> _Assigned task_: Once the line containing "Gray 2020 Toyota" is found in the entries below, restate it and each following line word for word, stopping after the line containing "Women's dungarees in".
─── Record excerpts ───
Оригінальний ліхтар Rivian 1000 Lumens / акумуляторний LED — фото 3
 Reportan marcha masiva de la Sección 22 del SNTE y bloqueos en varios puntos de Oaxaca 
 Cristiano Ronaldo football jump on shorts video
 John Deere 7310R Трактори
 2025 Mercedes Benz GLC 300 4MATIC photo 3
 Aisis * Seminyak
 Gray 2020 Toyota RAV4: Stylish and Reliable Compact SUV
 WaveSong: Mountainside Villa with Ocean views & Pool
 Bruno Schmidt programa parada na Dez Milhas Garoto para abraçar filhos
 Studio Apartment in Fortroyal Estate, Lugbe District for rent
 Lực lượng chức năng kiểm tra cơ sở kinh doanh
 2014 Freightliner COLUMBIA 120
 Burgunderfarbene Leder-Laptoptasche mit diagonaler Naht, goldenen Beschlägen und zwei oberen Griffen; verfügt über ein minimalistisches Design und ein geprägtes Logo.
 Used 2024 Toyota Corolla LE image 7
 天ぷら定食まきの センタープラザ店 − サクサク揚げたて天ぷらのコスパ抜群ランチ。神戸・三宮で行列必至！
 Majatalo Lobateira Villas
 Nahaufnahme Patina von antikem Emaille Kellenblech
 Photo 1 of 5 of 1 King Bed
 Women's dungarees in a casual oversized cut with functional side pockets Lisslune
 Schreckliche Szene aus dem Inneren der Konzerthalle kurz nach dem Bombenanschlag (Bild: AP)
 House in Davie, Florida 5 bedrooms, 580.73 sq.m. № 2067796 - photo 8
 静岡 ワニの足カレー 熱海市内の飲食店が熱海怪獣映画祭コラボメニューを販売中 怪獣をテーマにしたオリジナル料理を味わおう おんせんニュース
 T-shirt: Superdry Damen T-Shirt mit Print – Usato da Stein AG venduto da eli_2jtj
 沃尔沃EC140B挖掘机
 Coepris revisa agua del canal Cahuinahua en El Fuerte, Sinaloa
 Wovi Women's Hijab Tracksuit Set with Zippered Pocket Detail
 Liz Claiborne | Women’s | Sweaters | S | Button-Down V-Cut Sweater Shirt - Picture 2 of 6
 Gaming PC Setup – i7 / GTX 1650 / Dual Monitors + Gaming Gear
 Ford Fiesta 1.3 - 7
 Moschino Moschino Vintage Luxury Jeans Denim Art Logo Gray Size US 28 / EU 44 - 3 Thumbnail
───
> _Answer for the task_:
 Gray 2020 Toyota RAV4: Stylish and Reliable Compact SUV
 WaveSong: Mountainside Villa with Ocean views & Pool
 Bruno Schmidt programa parada na Dez Milhas Garoto para abraçar filhos
 Studio Apartment in Fortroyal Estate, Lugbe District for rent
 Lực lượng chức năng kiểm tra cơ sở kinh doanh
 2014 Freightliner COLUMBIA 120
 Burgunderfarbene Leder-Laptoptasche mit diagonaler Naht, goldenen Beschlägen und zwei oberen Griffen; verfügt über ein minimalistisches Design und ein geprägtes Logo.
 Used 2024 Toyota Corolla LE image 7
 天ぷら定食まきの センタープラザ店 − サクサク揚げたて天ぷらのコスパ抜群ランチ。神戸・三宮で行列必至！
 Majatalo Lobateira Villas
 Nahaufnahme Patina von antikem Emaille Kellenblech
 Photo 1 of 5 of 1 King Bed
 Women's dungarees in a casual oversized cut with functional side pockets Lisslune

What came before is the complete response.